## PROBLEM DETAILS
Set the data down again, exactly as it reads, but without the pictures.

COLLECTED MATERIAL: Begin

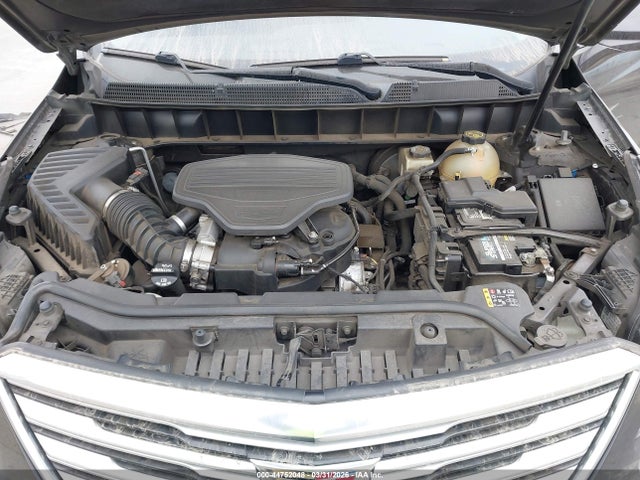 2017 CADILLAC XT5 1GYKNBRSXHZ108539 Photo 9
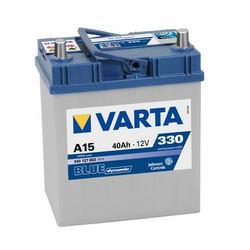 Varta Akumulator 12V 40Ah +L Nazivni kapacitet-40Ah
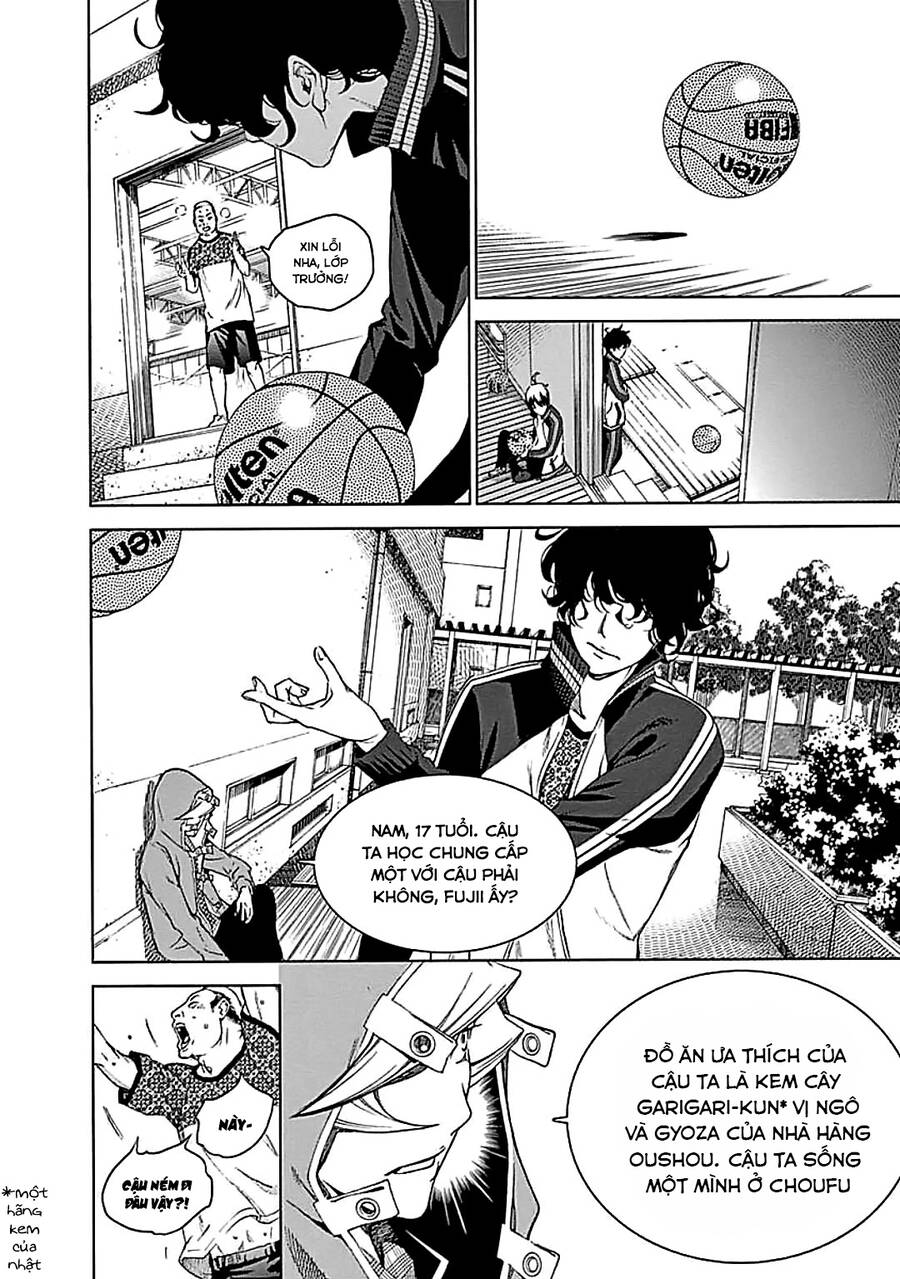 Biorg Trinity Chap 25 - Next Chap 26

COLLECTED MATERIAL: End

## RESULT OF THE TASK
 2017 CADILLAC XT5 1GYKNBRSXHZ108539 Photo 9
 Varta Akumulator 12V 40Ah +L Nazivni kapacitet-40Ah
 Biorg Trinity Chap 25 - Next Chap 26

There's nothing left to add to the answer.